Il viso del mister, per un secondo, si fa di pietra, cristallizzandosi – in modo invero inquietante – su quell’espressione di beata spensieratezza che l’ha contraddistinto da quando lui e Roberto si sono incontrati. Poi all’improvviso tutto cambia, le sue sopracciglia si inarcano verso il basso, le sue labbra si contraggono in una smorfia triste e i suoi piccoli ma espressivi occhi scuri si riempiono di una luminosità che sarebbe perfino tenera e romantica se, nel contesto attuale, non fosse anche del tutto fuori luogo.
- …perché ha dovuto farlo?! – sbotta quindi il mister, portandosi le mani ai capelli e saltando in piedi come un invasato, - Perché mi ha lasciato?!
- Mi-Mister?! – chiama allarmato Roberto, chiedendosi se il cameraman stia ancora filmando e stabilendo il secondo successivo di non volerlo davvero sapere, - Che succede?! – e soprattutto, perché quest’intervista sembra destinata ad avere solo risposte assurde che non vogliono dire niente e per le quali niente di tutto questo potrà mai finire in televisione senza prima passare sotto una devastante sequenza di taglia e cuci in post-produzione?!
- Dimmi perchééééé! – insiste José, afferrandolo per il bavero della polo e scuotendolo con una certa enfasi, - Gli ho dato tutto quello che ha chiesto! Anche cose che-
- Mister!!! – cerca di fermarlo Roberto, disperato, e fortunatamente in quel momento Mario e Davide fanno irruzione in sala.
- Mister! – lo chiamano con una sincronia non meno inquietante di tutto il resto.
- È successo di nuovo. – sospira Mario, avvicinandosi a José, che nel mentre s’è accasciato in un angolo e sta mormorando qualcosa a proposito di un ultimo preservativo ancora conservato in qualche luogo di cui Roberto decisamente non vuole conoscere l’ubicazione.

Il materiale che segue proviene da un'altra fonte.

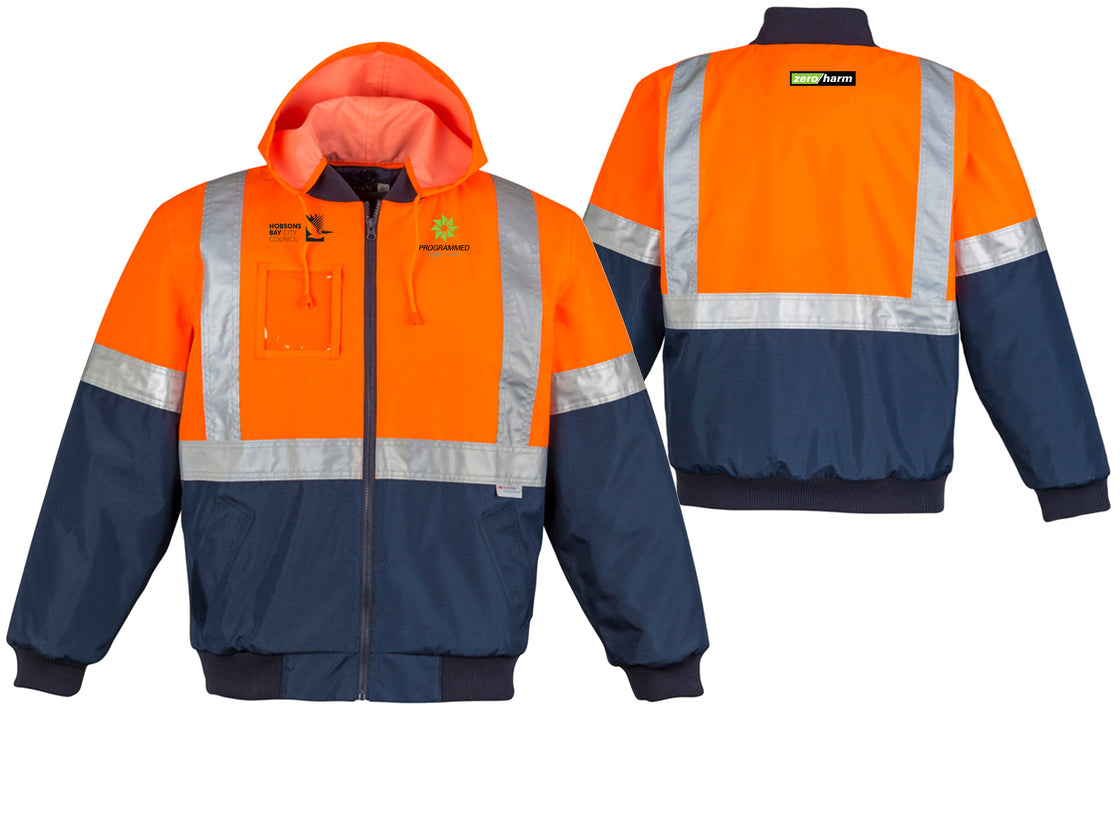 MENS HI VIS QUILTED FLYING JACKET - ORANGE/NAVY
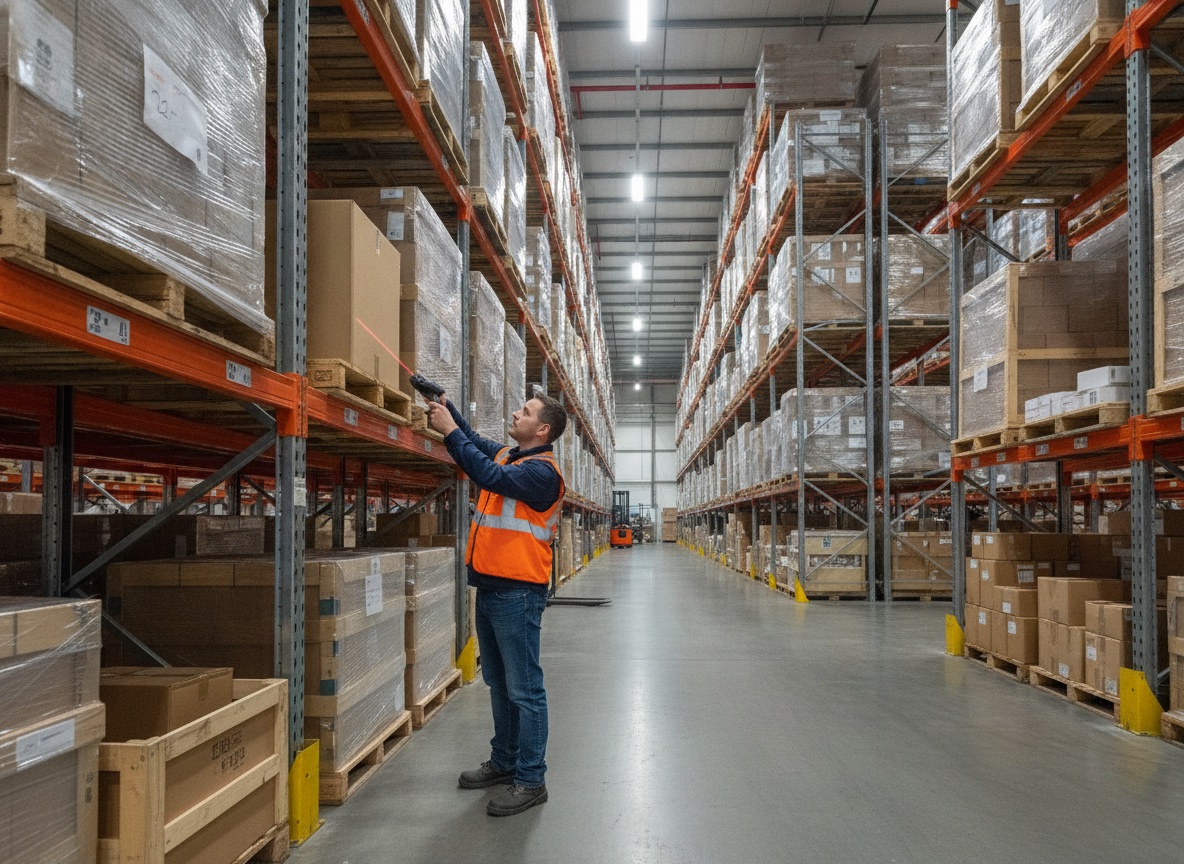 A warehouse worker in a high-visibility vest using a handheld barcode scanner among tall stacked pallets of freight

- Robi, - lo chiama Davide, esasperato, - non gli avrai mica chiesto direttamente di Ibra?
- Be’, sì! – cerca di darsi un contegno Roberto, visibilmente scosso, - Sembrava intenzionato a parlare solo di lui, perciò ho pensato… ho pensato…
- Hai pensato male! – sbraita Mario, tirandogli addosso un microfono che fortunatamente finisce sul fondo della sala senza uccidere nessuno. – Coraggio, coraggio. – lo sente cinguettare poi il giornalista, mentre torna a chinarsi su José, cullandolo come un padre, - È passata, è passata.
Davide sospira ancora, allargando le braccia in segno di resa.
- Te l’avevo detto, io. – sbotta rassegnato, - Non ne è ancora venuto del tutto fuori.
*
Frattanto, dall’altro lato dell’oceano Atlantico, Zlatan Ibrahimović vive un attimo di confusione nel momento in cui, improvvisamente, il suo corpo decide di ribellarsi al suo comando e lui si ritrova con le orecchie che fischiano e uno starnuto che pressa per uscire dal fondo di un naso irrimediabilmente irritato. Fa appena in tempo a coprirsi la bocca, prima di starnutire rumorosamente, obbligando il suo nuovo allenatore a voltarsi per guardarlo con aria un po’ confusa.
- È tutto a posto? – chiede Pep, facendoglisi più vicino e mollandogli una pacca amichevole sulla spalla, - Non ti farai mica venire il raffreddore appena arrivato, mh? – ironizza prendendolo in giro.
- Ma no, ma no… - abbozza un sorriso Zlatan, scrollando le spalle e dirigendosi verso la sala in cui lo aspettano i medici, per le prime visite, mentre Mino, al suo fianco, gli porge un fazzoletto per asciugare il naso, - È stato solo un momento di confusione. È già passato.